The Board, on the recommendation of the Nomination and Remuneration Committee has recommended to shareholders, re-appointment of Mr. Rishabh Relan (DIN:07726444) as Whole time Director of the Company for a further term of three years w.e.f. 4th February, 2027 to 3rd February, 2030 on the terms and conditions as mentioned in the relevant item of the notice calling 39 th Annual General Meeting.

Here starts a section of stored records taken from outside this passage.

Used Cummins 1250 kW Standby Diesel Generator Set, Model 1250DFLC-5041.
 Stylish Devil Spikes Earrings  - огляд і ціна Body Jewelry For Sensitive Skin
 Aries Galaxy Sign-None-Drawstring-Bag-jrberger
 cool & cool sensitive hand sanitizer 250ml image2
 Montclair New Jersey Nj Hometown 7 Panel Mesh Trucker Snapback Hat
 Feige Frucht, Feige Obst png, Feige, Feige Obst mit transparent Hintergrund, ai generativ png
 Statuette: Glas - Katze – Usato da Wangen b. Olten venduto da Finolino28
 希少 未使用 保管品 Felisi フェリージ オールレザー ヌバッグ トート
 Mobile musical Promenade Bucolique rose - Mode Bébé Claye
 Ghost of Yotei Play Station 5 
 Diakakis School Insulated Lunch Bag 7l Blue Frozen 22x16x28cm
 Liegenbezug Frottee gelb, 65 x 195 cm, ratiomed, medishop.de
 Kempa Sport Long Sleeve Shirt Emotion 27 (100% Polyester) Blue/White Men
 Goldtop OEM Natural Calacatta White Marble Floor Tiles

KEY MANAGERIAL PERSONNEL (KMP)

Mr. Rohit Relan, Chairman and Managing Director, Mr. Rishabh Relan, Whole time Director, Mr. Rajiv Arora, Whole Time Director & CEO, Mr. Vinod Kumar, CFO and Ms. Ritu Bakshi, Company Secretary are the KMPs of the Company in terms of Section 203 of the Companies Act, 2013 read with the Companies (Appointment & Remuneration of Managerial Personnel) Rules, 2014.

CORPORATE GOVERNANCE

The Company is committed to maintaining the highest standards of Corporate Governance and adhere to the Corporate Governance requirements as set out by the Regulators/ applicable laws.

The report on Corporate Governance as stipulated under SEBI (Listing Obligations and Disclosure Requirements)

Regulations, 2015 has been included in this AnnualReportas certificateof Mr. R S separatesection,alongwiththe

Bhatia, Company Secretary in Practice.

DETAILS OF DEPOSIT AS PROVIDED UNDER CHAPTER V OF THE COMPANIES ACT, 2013

Your Company has not accepted any deposits under Chapter V of the Companies Act, 2013. There was an outstanding loan of Rs. 2260 Lacs as at 31.03.2026 from Mr. Rohit Relan, Chairman and Managing Director of the Company which is exempted as deposit under Rule 2(c)(viii) of Companies (Acceptance of Deposit) Rules, 2014.

DETAILS OF SIGNIFICANT AND MATERIAL ORDERS PASSED BY THE REGULATORS OR COURTS OR TRIBUNALS IMPACTING THE GOING CONCERN STATUS AND COMPANYS OPERATION IN FUTURE

There are no significant and material orders passed by the Regulators, Courts or Tribunals which going concern status of the Company and its operations in future.

DETAILS OF ADEQUACY OF INTERNAL FINANCIAL CONTROLS WITH REFERENCE TO THE FINANCIAL STATEMENTS

The Directors had laid down internal financial controls to be followed by the Company and such policies and procedures adopted by the Company for ensuring the orderly and efficient conduct of its business, including adherence to

Companys policies, the safeguarding of its assets, the prevention and detection of frauds and errors, the accuracy and completeness of the accounting records, and the timely preparation of reliable financial information. The Audit Committee evaluates the internal financial control system periodically.

LISTING

The Equity shares of the Company are listed on BSE Limited and National Stock Exchange of India Limited. The Company has paid listing fees due to the Stock Exchanges.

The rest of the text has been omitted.